Looking back through much older wish lists (e. g. the 5.0 release
plan), I also don't see a lot more that's potentially incompatible
that we might want to add. I can see other compatible things we may
want to do, such as an ESC/P-R driver for newer Epson printers (at
least the non-photo ones), but those don't need to be in 5.3 per se.

Solomon, I know you want to revamp the paper API; this would be the
time to do so.

As far as 5.2.13, we have the bug fix for A4 paper, some other fixes
for the Canon driver, non-interactive GIMP plugin, and otherwise the
usual additions for new printers.

I'd also like to clean up the release notes by removing mentions of
particular printer commands (which mean nothing to end users) and
simply specify what the user-visible improvements are.

Anything else?

------- Start of forwarded message -------
Date: Sat, 19 Mar 2016 15:31:18 -0400
From: Robert Krawitz <***@alum.mit.edu>
To: "Gutenprint \(formerly Gimp-Print\) printer driver development"
<gimp-print-***@lists.sourceforge.net>
CC: gimp-print-***@lists.sourceforge.net
In-reply-to: <***@shaftnet.org> (***@shaftnet.org)
Subject: [Gimp-print-devel] Futures (was Re: Migrating to GIT)
Content-Type: text/plain; charset="us-ascii"

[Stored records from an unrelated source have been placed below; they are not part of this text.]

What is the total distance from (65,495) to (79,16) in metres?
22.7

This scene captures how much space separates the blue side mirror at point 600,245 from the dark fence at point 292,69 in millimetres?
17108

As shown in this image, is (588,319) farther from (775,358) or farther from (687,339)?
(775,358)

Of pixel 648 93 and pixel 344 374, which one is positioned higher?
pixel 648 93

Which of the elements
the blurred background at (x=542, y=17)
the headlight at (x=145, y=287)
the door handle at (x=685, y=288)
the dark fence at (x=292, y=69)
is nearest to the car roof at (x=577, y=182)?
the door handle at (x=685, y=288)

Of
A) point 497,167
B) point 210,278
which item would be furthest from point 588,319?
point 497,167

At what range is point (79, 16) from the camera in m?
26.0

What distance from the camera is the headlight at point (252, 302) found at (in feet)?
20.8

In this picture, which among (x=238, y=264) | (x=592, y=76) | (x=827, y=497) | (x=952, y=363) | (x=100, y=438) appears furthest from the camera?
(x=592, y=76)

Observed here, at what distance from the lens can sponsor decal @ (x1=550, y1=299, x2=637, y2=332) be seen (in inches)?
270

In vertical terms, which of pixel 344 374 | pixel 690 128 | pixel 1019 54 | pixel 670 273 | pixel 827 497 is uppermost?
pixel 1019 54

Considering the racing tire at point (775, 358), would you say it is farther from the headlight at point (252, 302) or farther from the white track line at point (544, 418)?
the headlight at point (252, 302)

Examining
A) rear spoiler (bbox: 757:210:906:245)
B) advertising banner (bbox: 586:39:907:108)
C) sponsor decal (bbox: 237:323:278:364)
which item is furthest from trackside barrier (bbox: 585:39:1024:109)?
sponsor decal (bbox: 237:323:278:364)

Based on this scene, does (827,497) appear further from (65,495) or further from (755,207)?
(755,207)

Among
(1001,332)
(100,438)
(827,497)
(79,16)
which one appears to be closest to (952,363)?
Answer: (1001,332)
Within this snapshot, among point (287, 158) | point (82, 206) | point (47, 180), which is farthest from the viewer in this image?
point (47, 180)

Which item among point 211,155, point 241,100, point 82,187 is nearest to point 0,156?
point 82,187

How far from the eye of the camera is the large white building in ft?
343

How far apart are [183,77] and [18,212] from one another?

So the things I remember we were talking about for the next release
(5.3, 6.0, whatever were:

1) Changing the base unit of measurement. Currently it's integer
points (1/72"). This was OK 10 or 15 years ago when printers were
less precise and less accurate; technology has improved a lot,
though, and 1/144" maximum error isn't always OK (printing to CD's
can be definitely off-center). Points seem to be the standard unit
of measure in the printing world we could use either floating point
or scaling (where the base unit could be scaled).

Floating point is more convenient, of course, but also completely
breaks binary compatibility. It also has the problem of
imprecision (rounding error) for any printer not based on 1/72".
It's not even exact for printers based on 1/360" or similar, since
1/5 can't be represented precisely in floating point.

Scaling would use a base of 1/72", but the scale factor could be
changed to any divisor of 1/72", and all dimensions would be
expressed in terms of the scaled unit. Typically one might choose
the GCD of 1/72 and the printer unit; for a 300 DPI printer, that
would be 1/1800, so the scaling would be 25.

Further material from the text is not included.